# Representing Simple Discrete data

We will learn some relevant concepts using a simple example. 15 students took a 5-question test that required either true or false as answers.
The scores could be:
2 1 3 4 4 3 3 4 3 5 4 4 5 4 4

We could first tally the results.
0
1 /
2 /
3 ////
4 //
5 //

The data could also be arranged into a table called frequency distribution/table.
 Number of Correct Answers 0 1 2 3 4 5 Frequency 0 1 1 4 7 2

Next, we could also represent this data graphically using a bar chart. • The height of the bar reflects the frequency.
• All the bars have the same width and they are labelled in the middle of the bar on the horizontal axis to convey the message that these are discrete data.
• Alternatively, one can replace the bar by a vertical line. In this case, we obtained the vertical line graph. The vertical lines are distinct lines and reinforce the discrete nature of these data.
• The sum of these frequencies is the total number of students surveyed.

Mode is the observation value that occur with the largest frequency. In our example above, the mode is 4.

Exploration:
A group of teachers had been surveyed about their daily consumption of coffee (measured in cups).

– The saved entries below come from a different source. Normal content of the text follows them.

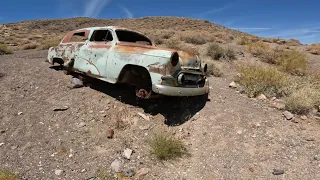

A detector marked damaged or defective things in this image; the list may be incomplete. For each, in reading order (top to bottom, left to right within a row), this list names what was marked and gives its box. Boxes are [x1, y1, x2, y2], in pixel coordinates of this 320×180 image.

rusted metal panel [46, 25, 209, 97]
abandoned car [46, 26, 209, 98]
rusty car body [46, 26, 209, 98]
second wrecked car [46, 26, 209, 98]
green and rust car [46, 26, 209, 98] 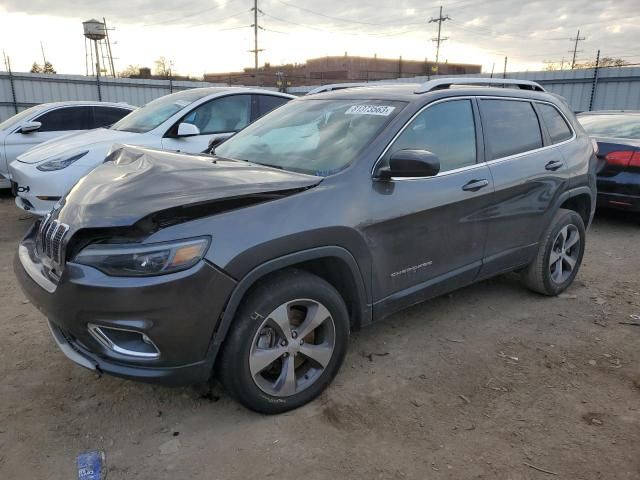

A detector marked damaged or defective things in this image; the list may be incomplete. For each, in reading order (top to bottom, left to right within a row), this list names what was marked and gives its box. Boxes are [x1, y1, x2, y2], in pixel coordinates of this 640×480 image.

crumpled hood [16, 126, 141, 164]
crumpled hood [57, 144, 322, 229] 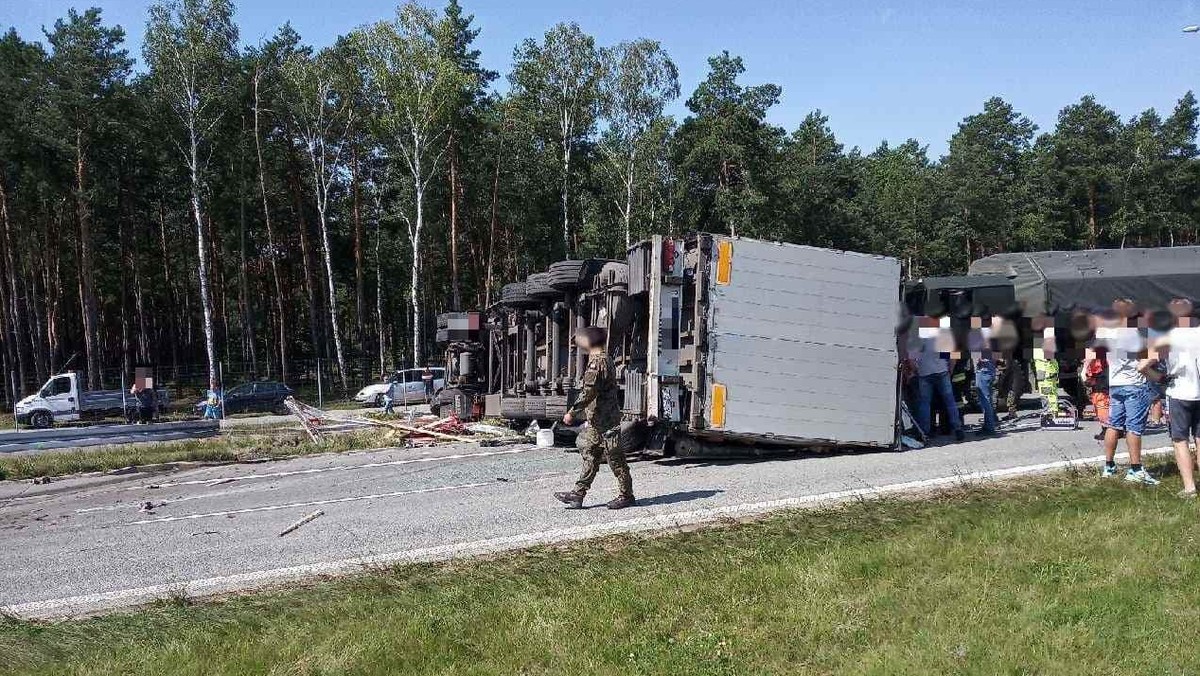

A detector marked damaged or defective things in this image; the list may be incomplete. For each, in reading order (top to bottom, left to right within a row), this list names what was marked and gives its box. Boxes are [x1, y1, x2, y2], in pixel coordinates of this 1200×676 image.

overturned truck [438, 235, 900, 456] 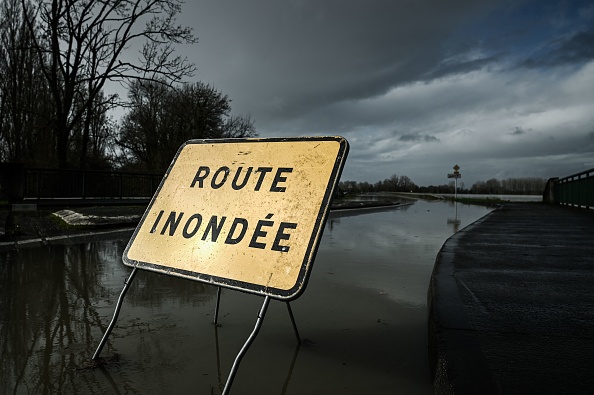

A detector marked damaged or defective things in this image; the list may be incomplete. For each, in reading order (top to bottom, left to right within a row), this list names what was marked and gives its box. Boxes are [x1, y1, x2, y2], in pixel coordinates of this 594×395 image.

The frequency distribution is as below:
 Number of cups 1 2 3 4 5 Frequency 7 3 5 0 1

Questions:

1. Represent the above data with a bar chart.
2. How many teachers had been surveyed?
3. What is the mode in this frequency distribution?

## The shape of a distribution

.
The example here is a distribution that is negatively skewed. That is there is a long tail at the lower (negative) end of the distribution. The distribution is positively skewed if there is along tail at the high (positive) end of the distribution. Here, we have a distribution represented by a vertical line graph.

If all the bars are of the same height then we have a uniform or rectangular distribution.
If the shape of the distribution is symmetric and bell-shaped then it is known as a normal distribution.